What to say? What to say. I am writing stuff completely unrelated to ALS, a relief.... A relief. I sometimes need to separate myself from my disease, but with a caveat, in doing so I separate myself from posting here. Unfortunately or fortunately, that is what I plan to do. Don't worry, most of my plans run screaming from fruition. So..... Adieu.... Until at least tomorrow, which brings to mind something about leaving with such sorrow..... Something like Shakespearean something or other... I never finished THAT! I am doomed to unfinished mediocrity. Or am I? Let me just add

Wednesday, September 25, 2013

A gobstopper dilemma

I write a lot of crap. I will guess that I have broken every grammatical rule ever made. I need to dumb down my writing. I often don't understand a word I write. Maybe most of it is pure nonsense. The problem is that I can't do much else. If I don't write, I don't communicate. This is fact. I take it as a compliment that anybody reads my blog. Keep in mind that what I write is no where near as important as the fact that I write at all.
Writing with my eyes is slow and tedious. My ideas form as often as waves on the beach, consumed by the sand that is my ability to share. The stories evaporate and the remnants carry back to the water of origin that is my mind. Sucks like a riptide. My head is brimming with myriad adventure forever trapped by an impermeable cast of bone. I am awash and drowning in a sea of undiscovered bullshit.
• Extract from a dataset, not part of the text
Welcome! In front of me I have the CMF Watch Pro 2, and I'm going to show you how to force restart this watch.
Unleashed upon the world it could fertilize the deserts of the earth.
    See? Crappola. Crappochino. Craptastic. Shinola.
      If it weren't for my limitations, I would spill Good'n'Plenty, careful not to be careful. ALS has created a monster greater than itself. Foolish in its most basic form.
      My agenda, in the works: short story- assassin's remorse. Another - attack of nature. Coming soon to a grand opening.
So...... If you like crap....... The sluice gates have rotted away! Stay tuned.

Tuesday, September 24, 2013

A few words

Ups and downs. ALS is expert at rallying emotions on to a virtual roller coaster, creating the perfect vehicle with which to launch a bipolar experience equalled by none. Add the physical deterioration and you have the storm of utter frustration and disillusionment manifested in absolute clarity. Reaching this rock bottom existence crystallizes reality, focuses intent and leaves only one option. Death is unattainable. Only life remains. Presently, life is a battle. It can only get better because I won't allow it to be worse. I have much to shed so that I may more easily rise to the battle of recovery. There is no other way.
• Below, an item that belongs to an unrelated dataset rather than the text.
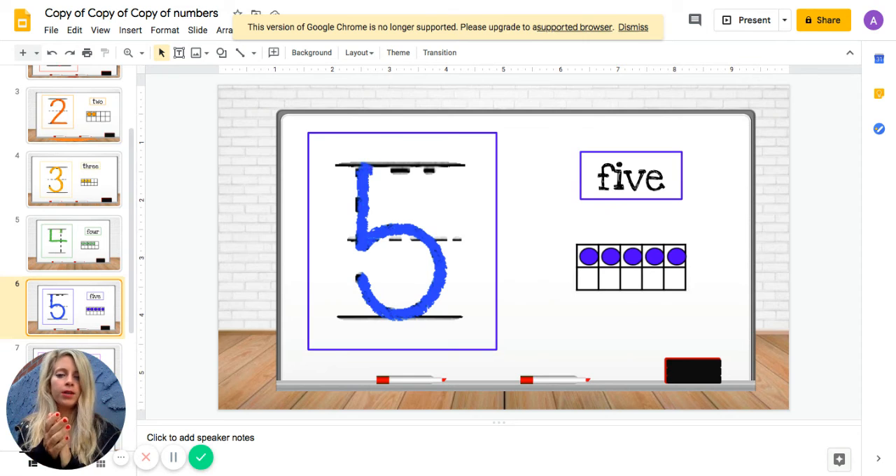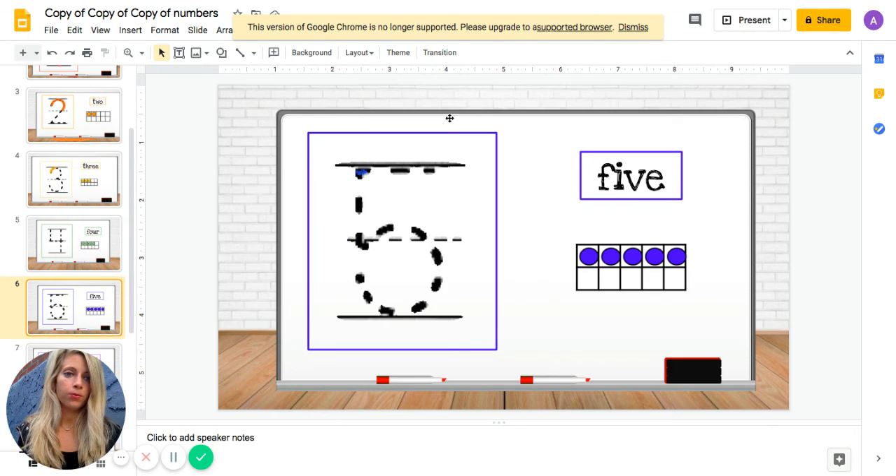Let's clap five times together — one, two, three, four, five. Today we practiced the numbers one, two, three, four, and five. We also learned zero.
Monday, September 23, 2013

This is why....

The infrequency of my posts is in direct correlation to my motivation to communicate via antiquated technology. Until I can upgrade, my posts shall remain wanting. I apologize for any inconvenience this may inflict upon the general public. If you are frustrated enough to seek resolution through outside means, feel free to contact your service provider. If you cannot afford a service provider, one will be made available through the totally worthless public domain loaner bureau, where a minimum wage telemarketer will be sure to know absolutely nothing about your problem, yet waste hours of your valuable time expousing on the difficulties of single parenthood, all the while cracking and popping Juicy Fruit in your ear. If you were to ask for a supervisor you would discover it to be the gum popper's mother who will waste hours of your valuable time expanding the complaint of raising a child who has a child. Don't despair too much. It is the way of our world.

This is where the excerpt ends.